Highlights
- IDP Education shares tumble 15% to a 52-week low following half-year results.
- Adjusted net profit after tax falls 46% to $58.3 million.
- Interim dividend slashed by 64% to 9 cents per share.
Shares of IDP Education Ltd (ASX:IEL) sank 15% on Thursday, hitting a 52-week low of $9.96 after the release of its half-year financial results. The sharp decline in share price reflects investor disappointment over the company’s steep profit drop and ongoing challenges in student placement and language testing markets.

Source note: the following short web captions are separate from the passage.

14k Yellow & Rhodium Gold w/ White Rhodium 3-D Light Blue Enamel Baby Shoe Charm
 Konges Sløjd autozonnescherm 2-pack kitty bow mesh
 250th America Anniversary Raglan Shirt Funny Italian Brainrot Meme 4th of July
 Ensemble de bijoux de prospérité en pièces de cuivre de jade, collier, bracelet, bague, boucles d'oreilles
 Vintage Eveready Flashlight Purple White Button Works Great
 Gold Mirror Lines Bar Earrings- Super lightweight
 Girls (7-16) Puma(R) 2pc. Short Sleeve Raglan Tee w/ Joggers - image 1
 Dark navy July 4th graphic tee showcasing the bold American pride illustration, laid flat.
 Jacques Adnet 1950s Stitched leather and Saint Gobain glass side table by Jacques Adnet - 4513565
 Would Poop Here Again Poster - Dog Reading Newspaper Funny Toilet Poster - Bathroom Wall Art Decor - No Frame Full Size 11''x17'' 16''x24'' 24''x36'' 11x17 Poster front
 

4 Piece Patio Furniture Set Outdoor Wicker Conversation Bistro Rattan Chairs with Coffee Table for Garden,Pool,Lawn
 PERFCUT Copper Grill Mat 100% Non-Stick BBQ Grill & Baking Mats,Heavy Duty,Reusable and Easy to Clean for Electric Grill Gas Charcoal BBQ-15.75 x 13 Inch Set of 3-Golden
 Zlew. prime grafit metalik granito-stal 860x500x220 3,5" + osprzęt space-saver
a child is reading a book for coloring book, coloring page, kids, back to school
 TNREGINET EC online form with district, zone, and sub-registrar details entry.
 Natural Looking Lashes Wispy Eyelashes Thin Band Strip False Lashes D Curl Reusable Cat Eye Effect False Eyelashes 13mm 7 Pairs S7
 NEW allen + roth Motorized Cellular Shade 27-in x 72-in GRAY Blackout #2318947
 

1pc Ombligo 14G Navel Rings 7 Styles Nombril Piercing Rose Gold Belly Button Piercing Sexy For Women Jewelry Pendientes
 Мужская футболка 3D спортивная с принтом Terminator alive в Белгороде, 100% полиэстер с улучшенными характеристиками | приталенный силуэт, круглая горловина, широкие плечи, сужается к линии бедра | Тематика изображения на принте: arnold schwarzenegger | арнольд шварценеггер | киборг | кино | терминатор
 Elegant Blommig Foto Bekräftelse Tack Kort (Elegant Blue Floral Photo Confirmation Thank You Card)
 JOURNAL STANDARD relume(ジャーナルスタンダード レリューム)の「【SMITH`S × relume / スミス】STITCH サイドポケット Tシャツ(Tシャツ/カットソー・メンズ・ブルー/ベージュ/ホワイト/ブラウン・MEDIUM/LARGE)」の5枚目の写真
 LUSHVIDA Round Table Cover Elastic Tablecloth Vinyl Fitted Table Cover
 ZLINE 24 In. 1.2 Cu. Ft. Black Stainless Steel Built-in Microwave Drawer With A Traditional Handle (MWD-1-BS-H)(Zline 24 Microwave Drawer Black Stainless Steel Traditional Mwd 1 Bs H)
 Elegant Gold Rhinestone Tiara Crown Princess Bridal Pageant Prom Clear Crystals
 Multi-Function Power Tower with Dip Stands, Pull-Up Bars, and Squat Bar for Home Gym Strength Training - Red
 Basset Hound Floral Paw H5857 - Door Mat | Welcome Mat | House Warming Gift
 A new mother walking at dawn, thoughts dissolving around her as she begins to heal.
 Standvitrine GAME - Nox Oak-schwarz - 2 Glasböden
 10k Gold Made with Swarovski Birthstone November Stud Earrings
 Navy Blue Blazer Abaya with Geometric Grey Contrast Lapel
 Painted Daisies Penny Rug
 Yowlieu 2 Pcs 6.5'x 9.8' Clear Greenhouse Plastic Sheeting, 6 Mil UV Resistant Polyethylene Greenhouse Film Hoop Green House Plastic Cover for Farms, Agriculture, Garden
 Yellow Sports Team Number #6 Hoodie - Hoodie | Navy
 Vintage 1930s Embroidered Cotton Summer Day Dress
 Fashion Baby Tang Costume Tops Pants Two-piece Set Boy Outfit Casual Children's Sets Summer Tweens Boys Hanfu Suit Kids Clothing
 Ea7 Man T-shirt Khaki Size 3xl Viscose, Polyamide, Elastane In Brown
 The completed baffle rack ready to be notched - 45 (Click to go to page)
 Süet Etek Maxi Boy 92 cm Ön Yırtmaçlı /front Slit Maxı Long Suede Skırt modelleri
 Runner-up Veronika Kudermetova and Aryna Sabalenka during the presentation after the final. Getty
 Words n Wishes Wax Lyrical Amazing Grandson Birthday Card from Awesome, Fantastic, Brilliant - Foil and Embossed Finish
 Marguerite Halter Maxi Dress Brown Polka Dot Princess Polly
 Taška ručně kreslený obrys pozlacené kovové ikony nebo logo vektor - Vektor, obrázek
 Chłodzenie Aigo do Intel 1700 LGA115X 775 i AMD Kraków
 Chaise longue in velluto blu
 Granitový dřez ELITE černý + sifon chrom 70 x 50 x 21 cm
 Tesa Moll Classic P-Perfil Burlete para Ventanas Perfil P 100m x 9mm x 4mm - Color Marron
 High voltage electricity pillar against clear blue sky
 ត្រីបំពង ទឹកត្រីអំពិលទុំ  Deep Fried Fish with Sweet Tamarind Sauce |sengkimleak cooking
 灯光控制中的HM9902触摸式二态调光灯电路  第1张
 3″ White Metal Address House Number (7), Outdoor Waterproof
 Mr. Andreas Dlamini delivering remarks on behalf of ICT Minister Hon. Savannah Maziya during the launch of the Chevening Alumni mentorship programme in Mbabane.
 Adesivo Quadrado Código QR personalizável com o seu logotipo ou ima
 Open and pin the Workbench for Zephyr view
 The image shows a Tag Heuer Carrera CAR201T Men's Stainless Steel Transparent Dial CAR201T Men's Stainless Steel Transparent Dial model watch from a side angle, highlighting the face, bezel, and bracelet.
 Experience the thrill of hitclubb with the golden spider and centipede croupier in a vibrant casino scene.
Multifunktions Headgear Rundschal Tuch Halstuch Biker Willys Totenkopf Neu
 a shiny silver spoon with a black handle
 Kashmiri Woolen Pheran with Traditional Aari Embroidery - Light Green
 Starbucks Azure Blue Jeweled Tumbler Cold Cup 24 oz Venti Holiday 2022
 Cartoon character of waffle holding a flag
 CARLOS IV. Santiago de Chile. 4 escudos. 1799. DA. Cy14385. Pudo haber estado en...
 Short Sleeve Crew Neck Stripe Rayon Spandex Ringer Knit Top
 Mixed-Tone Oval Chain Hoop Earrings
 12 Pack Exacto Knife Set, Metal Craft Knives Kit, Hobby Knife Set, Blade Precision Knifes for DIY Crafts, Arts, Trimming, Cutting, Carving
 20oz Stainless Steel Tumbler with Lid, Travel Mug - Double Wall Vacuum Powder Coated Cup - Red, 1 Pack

The language testing and student placement provider reported an 18% fall in total revenue, bringing in $475.4 million for the six months ending 31 December. The company’s EBITDA declined by 28% to $124 million, while adjusted net profit after tax plunged 46% to $58.3 million. As a result, IDP’s board cut the interim dividend by 64% to 9 cents per share.
What Drove the Decline?
The revenue drop was largely driven by a 27% fall in student placement volumes, which dropped to 42,016 as government policy changes weighed heavily on demand and conversion rates. At the same time, English language testing volumes declined by 24% to 683,708, with weaker demand in India being a major factor.
However, not all areas of the business contracted — English language teaching volumes rose 1% to 52,946, providing a small bright spot amid the broader downturn.
IDP Education made efforts to rein in expenses, cutting direct costs by 9% and lowering overheads by 14% to $167.8 million. These cost-saving measures improved operating cash flow conversion by 18 percentage points, with 64% EBITDA-to-cash conversion. Yet, these savings weren’t enough to offset the steep decline in revenue and profits.
Outlook for FY 2025
Looking ahead, IDP Education refrained from providing formal earnings guidance for the full year. However, management warned that if current trends persist, international student volumes could fall by 20%–30% in FY 2025 compared to FY 2024.